I bet you would love to make your game design idea more innovative.
I also bet you don't know how to do it without banging your head on your desk, thinking for days and days on end. Designing something different could be exciting and frustrating at the same time.
You tell yourself, "I want to do something never done before!". However, as soon as you finish the sentence, your brain seems to disconnect from the world and enter a huge void full of nothing. Only sometimes you encounter some ideas, but they smell of "already seen".
The reason is you lack a precise method.
That's why in this post, I'll give you 2 little-known techniques for innovating in game design that you can master to become a top mind in game design without having 20 years of experience.
What Everybody Gets Wrong About Game Innovation And How To Get It Right
What does it mean to innovate?
When you open the gates with a question, everybody gets in with an answer. So many people have opinions about it, and I'm sure you have yours too.
Like many terms we use daily, "innovation" is challenging to strictly define. The reason is simple: it's 100% subjective. It's a product of our perception based on how much we know about something. People have different levels (sometimes even drastically) of perceived innovation depending on many variables.
We as individuals always have a limited view of the world around us, and when we see something we know nothing about, it surprises us. That's innovation.
Despite individual differences being untrackable, the "level of gaming experience" matters.
This marks the difference between "casual gamers" and "passionate gamers". I don't like to use the term "hardcore" since it's generally associated with difficulty leading to stupid discussions (often around Dark Souls & friends).
The key metric I use to differentiate between casual and passionate is "game medium knowledge". And that's what directly impacts the perceived innovation. A casual gamer plays just to have fun and pass (or waste?) time, so many designs could seem innovative when, on a global scale, they're not. A passionate gamer is the opposite since he's interested in how the game medium works and not just playing for the sake of it.
That's why passionate gamers are often more demanding.
Innovation is not creating something new in the sense of being 100% unique.
The source of innovation is creativity, and you can’t ever create something out of nothing. Creativity is always a combinatorial act.

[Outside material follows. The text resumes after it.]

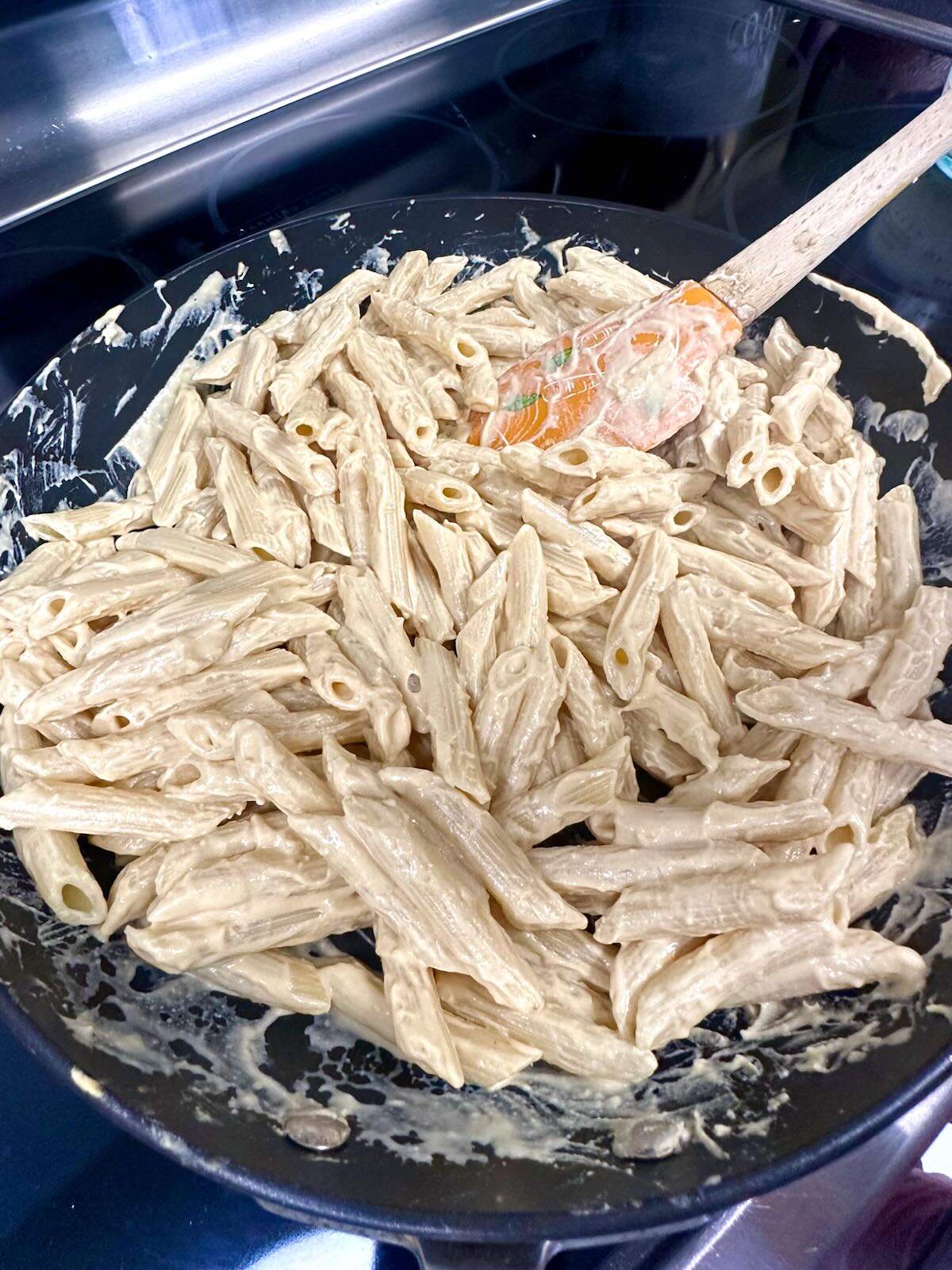 Mixing pasta and hummus pasta sauce.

When designing, your focus should be on perceived innovation on a global scale since you can’t track individual perceptions. Otherwise, you can design a clone and hope it will be played only by players who don’t know it’s a clone (in the Internet Era). Good luck! If it seems too ambitious of scope, it’s because you don’t have the details. The easy part is understanding how to do it; in fact, that’s exactly what I’m going to tell you in this blog post.
The struggle is always to pull it off. That’s why everyone can innovate, but not everyone actually does it.
Innovation in games means a new kind of Player Experience.
Of course, since we’re always talking about perceptions, it means you need to design an experience significantly different from others available. You need to make it recognizable as easily as possible. If you know the Theory of Player Experience, you already know that you can’t ever shape the Player Experience directly. So, the secret of innovation in game design lies in your Game Direction.
If you don’t know what I’m talking about, that’s bad, but here is a quick refresher.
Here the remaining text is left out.